Milliner, drawing on Merton, concludes the parallel between bourbon and spiritual transformation:
“We must ‘empty ourselves’ as He did. We must ‘deny ourselves’ and in some sense make ourselves ‘nothing’ in order that we may live not so much in ourselves as in Him. We must live by a power and a light that seem not to be there. We must live by the strength of an apparent emptiness that is always truly empty and yet never fails to support us at every moment. This is holiness.”
Such is the paradox of bourbon: The less there is of it, the better. As a truly great bourbon reaches its peak, the amber liquid increases in richness, hue, and complexity while decreasing in quantity. The greatest sip of bourbon must therefore, necessarily, be the barrel’s last solitary drop. Emptiness is perfection.26
As we pour ourselves out in service, as we become detached from ourselves and attached to God, as we become less ourselves and more like God, we become our finest selves. Theosis is complete. We become the completion subsumed in God.
CONCLUSION
The rock band Florence and the Machine filmed a music video in Ukraine in 2022, during that country’s ongoing conflict with Russia. The song they perform in the video is called “Free.” Following Florence around is an actor, who serves as a symbol of her anxiety. This actor controls her and is a constant presence and burden. Her emotion, she sings, “picks me up” and “puts me down a thousand times a day.” She’s seeking freedom, but she seems bound by her feelings.
She reveals that some of her anxiety comes from living with the constant pressure of suffering and death. How is she supposed to keep singing with such raging emotions and anxieties? But she continues, “There’s nothing else that I can do except to open up my arms and give it all to you.” The identity of this “you” is ambiguous. But the song emerges from her anxieties, lifting her up and putting her down to the dancing refrain of “I am free.” She leans her head up against her anxiety. She becomes friends with her feelings. The actor symbolizing anxiety puts her arm around Florence. Florence is the mountain. She notices the anxiety, yet she’s free.
I think it’s a beautiful picture of the things we’ve discussed in this chapter. Where attention to the self and urges for control can be all-consuming, holy detachment invites attention to different concerns—namely, to those things that concern God. It requires a contemplative purgation, which leads to union. This union is perfect freedom, a receptivity to the world rather than an imposition of power upon it in an attempt to manipulate and manufacture the things we want. God transforms our wants. In such a contemplation we are, like Florence, free.
1. I use this example in an article on education and attention. See Sosler, “Attentional Arts and Beholding Beauty.”
2. Bell, Meaning of Blue, 84.
3. Boersma, Seeing God, 219. On the sacramental nature of the world, Boersma writes, “Christian contemplation, therefore, is a sacramental way of seeing: It means we approach creation and the Scriptures as filled with the presence of Christ” (Seeing God, 232).

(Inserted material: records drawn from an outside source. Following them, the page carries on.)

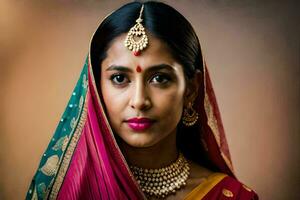 a beautiful indian woman wearing a sari. AI-Generated photo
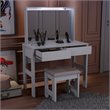 Boahaus Emma 2-Drawer Modern Wood Vanity Set with LED Lights in White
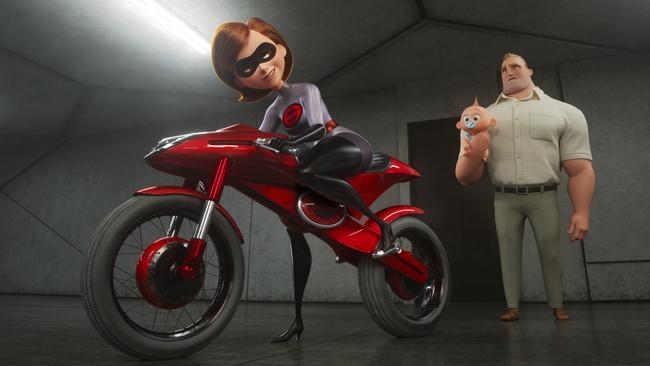 Elastigirl, voiced by Holly Hunter and Mr Incredible, voiced by Craig T. Nelson in Incredibles 2. Picture: Disney/Pixar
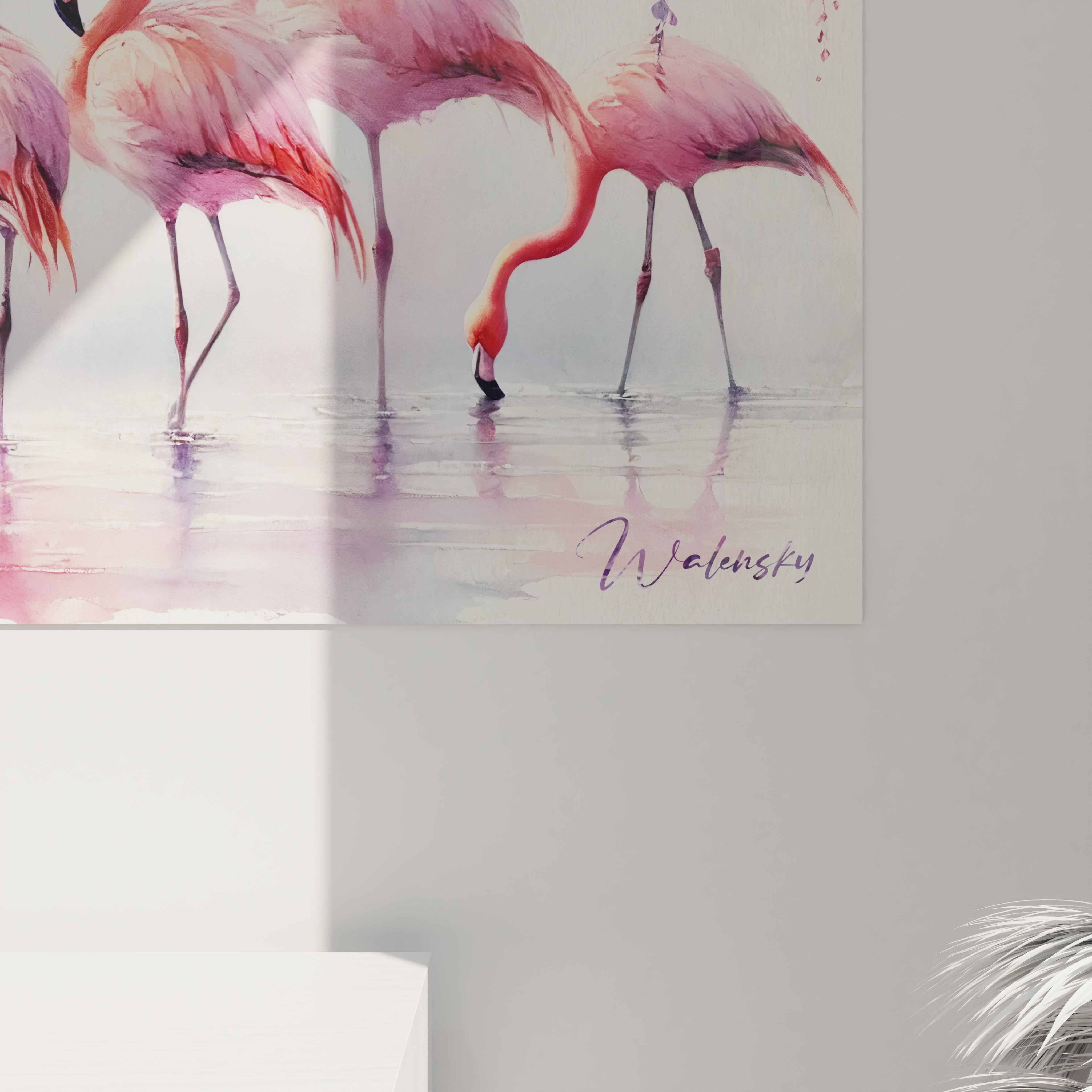 Admirez de près ce tableau flamand rose. Les délicates couleurs pastel et les flamants roses créent une œuvre d'art qui évoque la légèreté et l'élégance dans chaque détail.

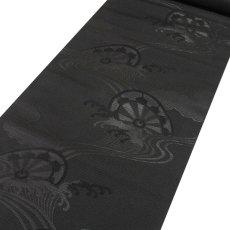 画像2: ■喪服帯 夏物 絽 京都西陣織 宮崎機業店謹製 黒共帯 片輪車文様 黒色 九寸 正絹 名古屋帯■ (2)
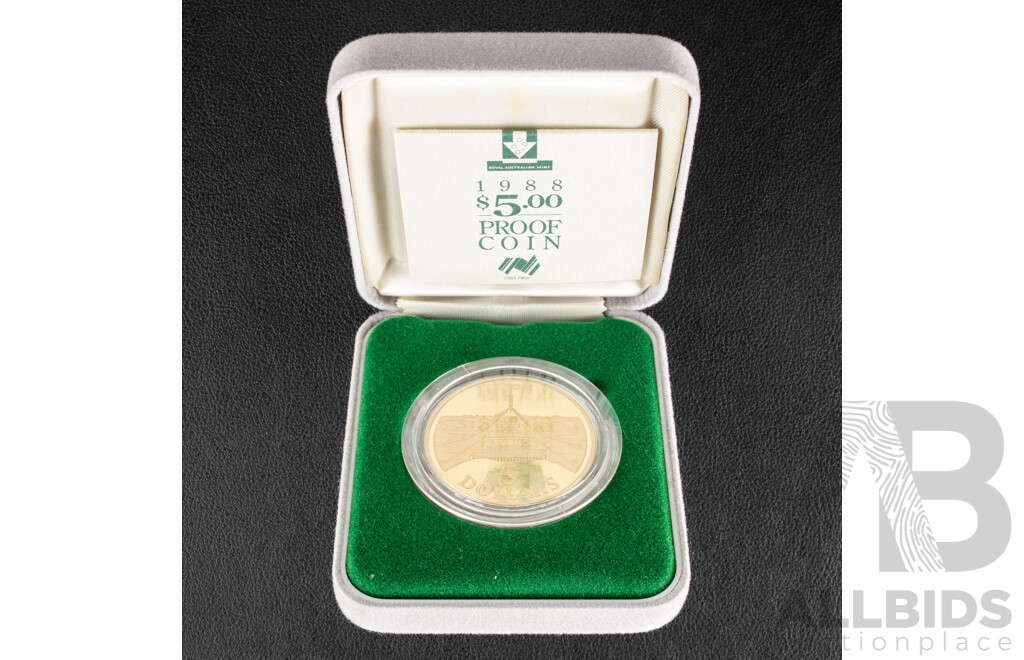 Australian RAM 1988 Proof Five Dollar Coin. Australian Bicentennial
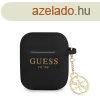 Guess 4G Charms Apple AirPods 1/2 szilikon tok fekete (GUA2L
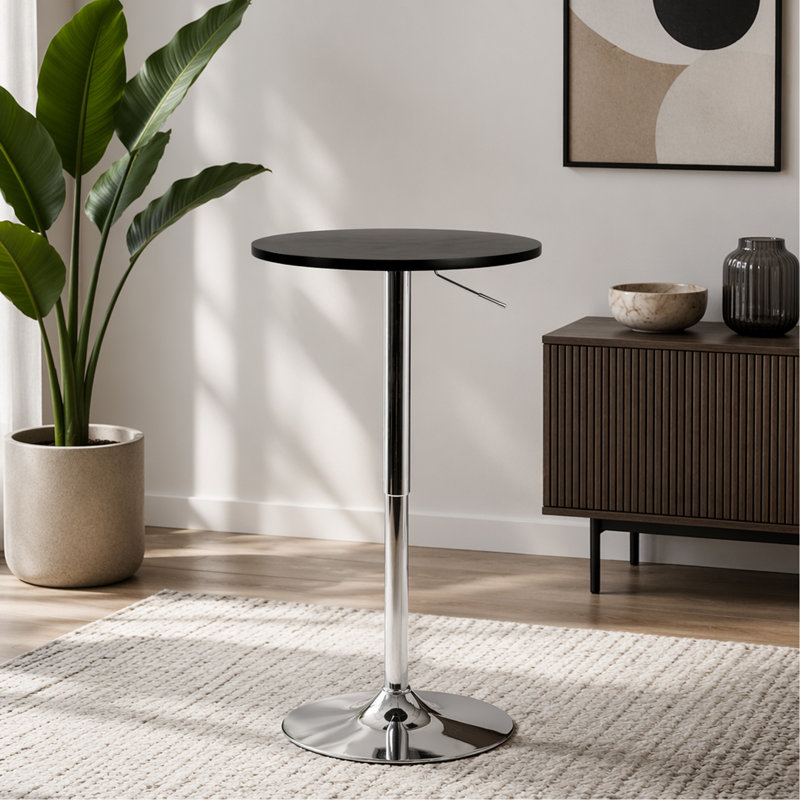 Table de bar réglable réglable en noir, H 41 po x l 23,75 po x P 23,75 po, Noir / Argenté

4. Thompson, “To Inhabit the Earth.”
5. Wirzba, Agrarian Spirit, 115.
6. John of the Cross, “Maxim on Love, 88,” 674.
7. Garrigou-Lagrange, Three Ages of the Interior Life, 1:103–5.
8. The language of “paying attention,” which uses monetary terms, is interesting. It’s almost as if we owe certain things attention and we pay for it. Contemplation may cost us something.
9. As Thomas Keating has suggested, “the goal of contemplative prayer is not so much the emptiness of thoughts or conversation as the emptiness of self” (Keating, Intimacy with God, 125).